Please provide complete information as applicable to your setup.
• DeepStream Version
v6.1.1 • TensorRT Version
8.4.3* • Issue Type( questions, new requirements, bugs)
Bug
**• How to reproduce the issue ? **
When using gst-nvinfer with the ‘maintain-aspect-ratio=1’ option, there are situations in which valid bounding boxes will be omitted by gst-nvinfer.
Example:
Input video size is 1920x1080, and network dimensions are 640x640. nvinfer will resize the image to 640 x 360 to maintain the aspect ratio. The parse-bbox-func does not get the image dimensions, but only the network dimensions, so a parse-bbox-func can only clamp the box to network dimension, not image dimensions. Hence parse-bbox-func may return boxes which are not completely contained in the image. These boxes are discarded by nvinfer (gstnvinfer_meta_utils.cpp, lines 76-80, v6.1.1).
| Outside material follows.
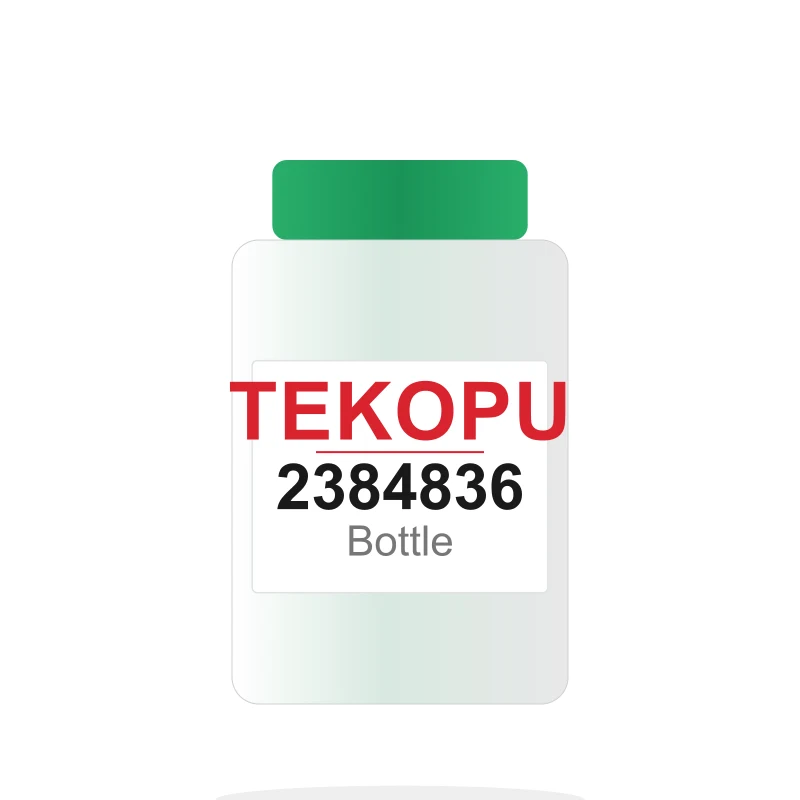 TEKOPU ABLESTIK ATB F100E1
This is a big problem when the app needs to be able to handle varying input aspect-ratios (so the image dimensions cannot be hard coded in parse-bbox-func).
about “nvinfer will resize the image to 640 x 360 to maintain the aspect ratio.”, please refer to refer to get_converted_buffer() of nvinfer plugin, nvinfer will do padding, the final resolution will be 640x640, that is, nvinfer will convert input resolution to model’s input dimension.
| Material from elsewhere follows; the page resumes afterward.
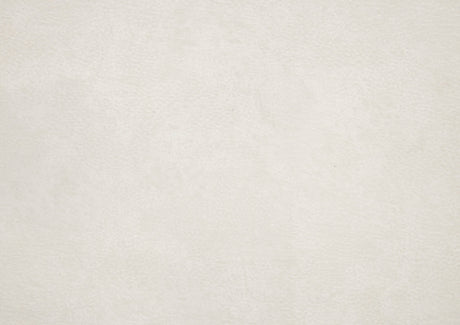 Dean Beige Double Reclining Sofa by Homelegance at Eve Furniture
Yes, my formulation was imprecise. nvinfer scales the image to a 640x360 ROI inside the 640x640 network input, when maintain-aspect-ratio=1. The problem is that the parse-bbox-func’s are not aware of this ROI. This leads to the problem I describe: The network might produce bounding boxes which exceed the 640x360 ROI, and the parse-bbox-func cannot clamp to the image ROI.
A function implementing this signature only has information about the network dimensions (via networkInfo), but no information about the ROI of the padded image in the network input.
Reproduction:
download attached video (still video of a slightly cropped car from wikipedia)
in sources/objectDetector_Yolo run deepstream-app -c deepstream_app_config_yoloV3.txt on the video
observe that the deepstream-app does not draw a bounding box around the slightly cropped car in the foreground.
To remedy this, one can either set maintain-aspect-ratio=0 in config_infer_primary_yoloV3.txt, or
comment out the lines mentioned in my first post (sources/gst-plugins/gst-nvinfer/gstnvinfer_meta_utils.cpp, 76-80) and recompile the plugin.